*Required work*.
Copy exactly the stretch of data below from the line with "Fig 1 : Vue" through the line with "Recombinant Human Lymphocyte", including both of those lines.

*Supplied entries*.

==================================================

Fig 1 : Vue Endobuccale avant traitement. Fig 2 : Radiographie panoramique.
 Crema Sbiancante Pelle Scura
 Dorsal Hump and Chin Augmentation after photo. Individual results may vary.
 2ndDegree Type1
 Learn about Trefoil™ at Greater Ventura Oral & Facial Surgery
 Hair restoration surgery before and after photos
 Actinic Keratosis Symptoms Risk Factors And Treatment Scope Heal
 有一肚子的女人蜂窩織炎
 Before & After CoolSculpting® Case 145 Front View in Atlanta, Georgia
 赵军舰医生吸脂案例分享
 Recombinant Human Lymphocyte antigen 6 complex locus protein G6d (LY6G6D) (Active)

==================================================

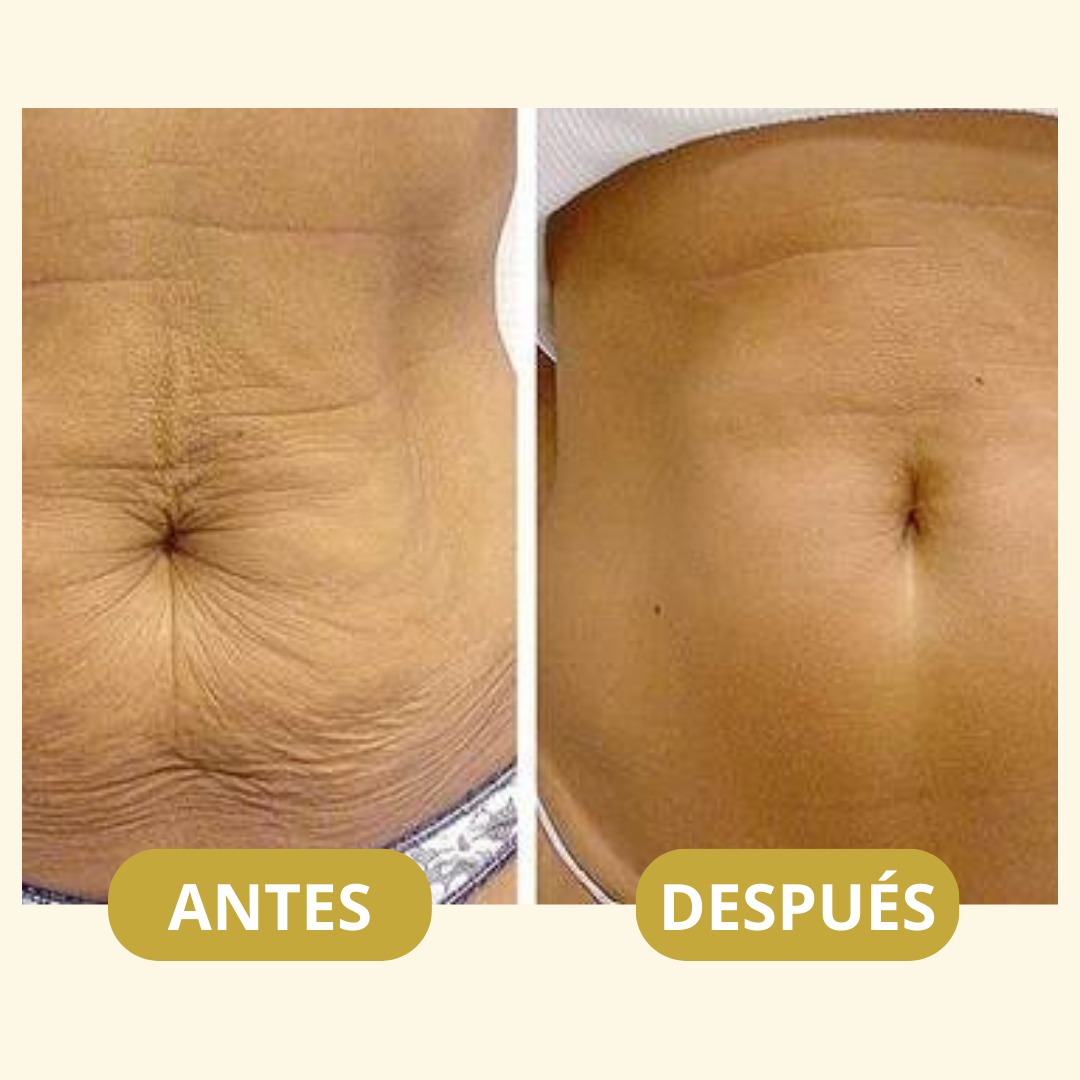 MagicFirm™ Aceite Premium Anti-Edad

==================================================

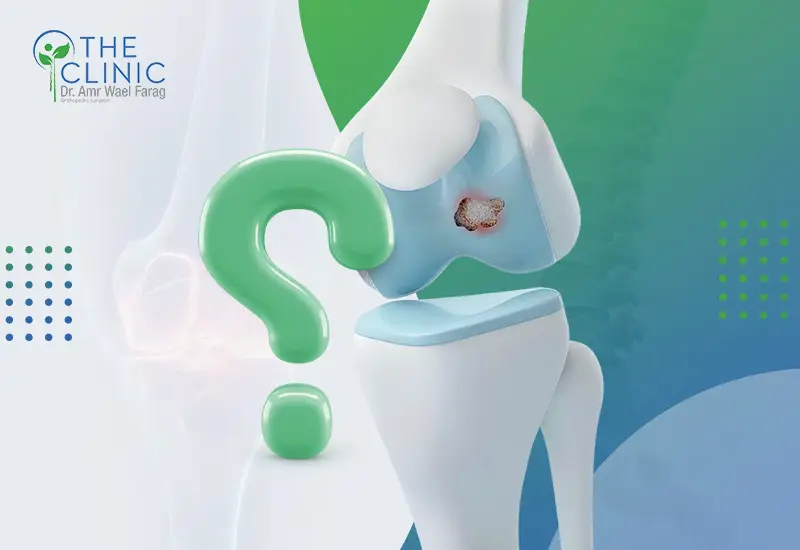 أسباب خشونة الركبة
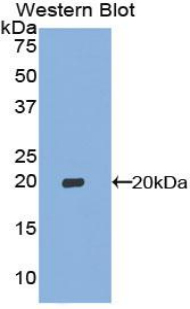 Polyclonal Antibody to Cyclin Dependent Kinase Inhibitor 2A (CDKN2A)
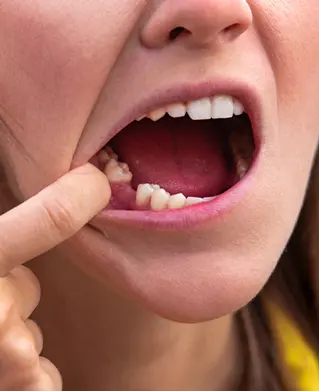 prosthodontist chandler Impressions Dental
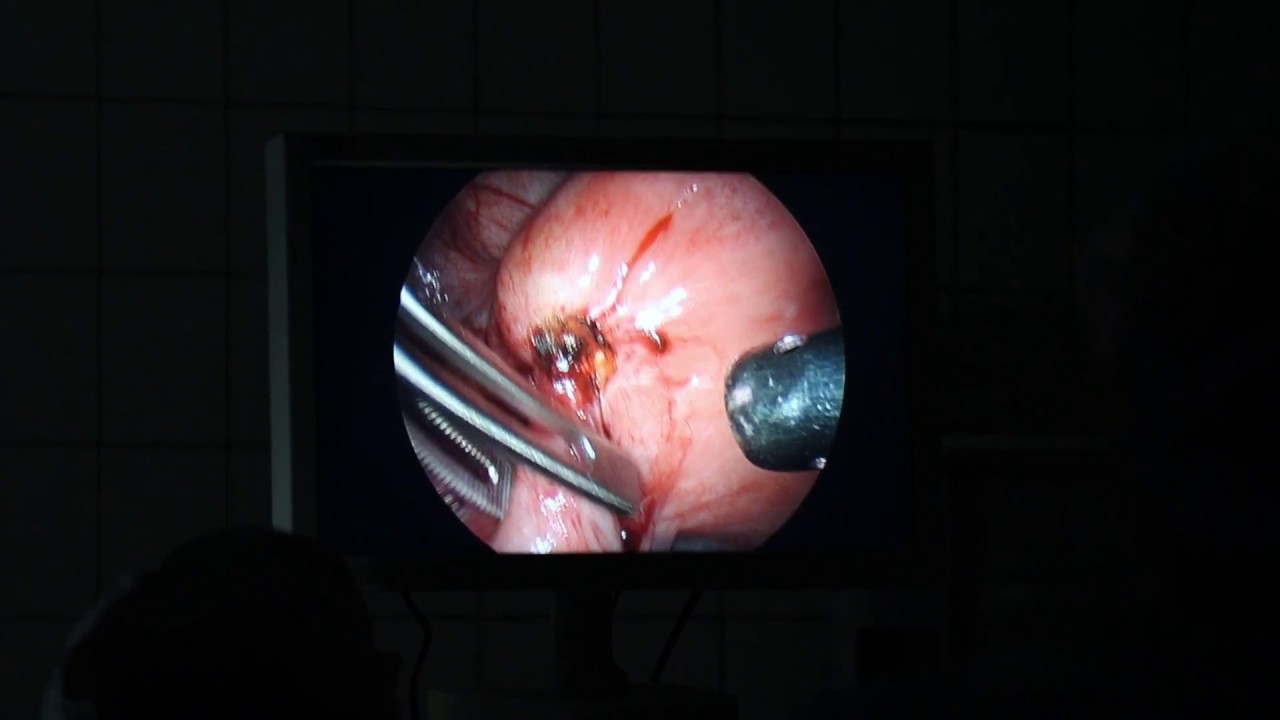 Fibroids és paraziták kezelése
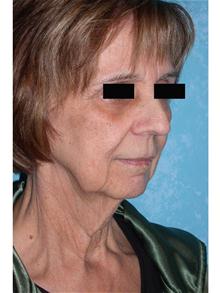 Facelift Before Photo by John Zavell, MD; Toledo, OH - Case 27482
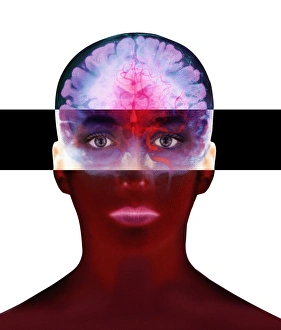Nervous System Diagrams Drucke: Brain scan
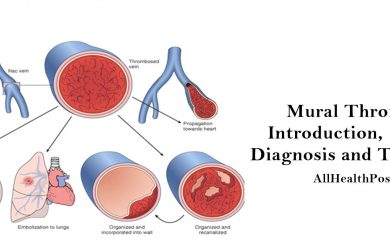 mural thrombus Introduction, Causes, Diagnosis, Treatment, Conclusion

==================================================

*Task answer*.
Fig 1 : Vue Endobuccale avant traitement. Fig 2 : Radiographie panoramique.
 Crema Sbiancante Pelle Scura
 Dorsal Hump and Chin Augmentation after photo. Individual results may vary.
 2ndDegree Type1
 Learn about Trefoil™ at Greater Ventura Oral & Facial Surgery
 Hair restoration surgery before and after photos
 Actinic Keratosis Symptoms Risk Factors And Treatment Scope Heal
 有一肚子的女人蜂窩織炎
 Before & After CoolSculpting® Case 145 Front View in Atlanta, Georgia
 赵军舰医生吸脂案例分享
 Recombinant Human Lymphocyte antigen 6 complex locus protein G6d (LY6G6D) (Active)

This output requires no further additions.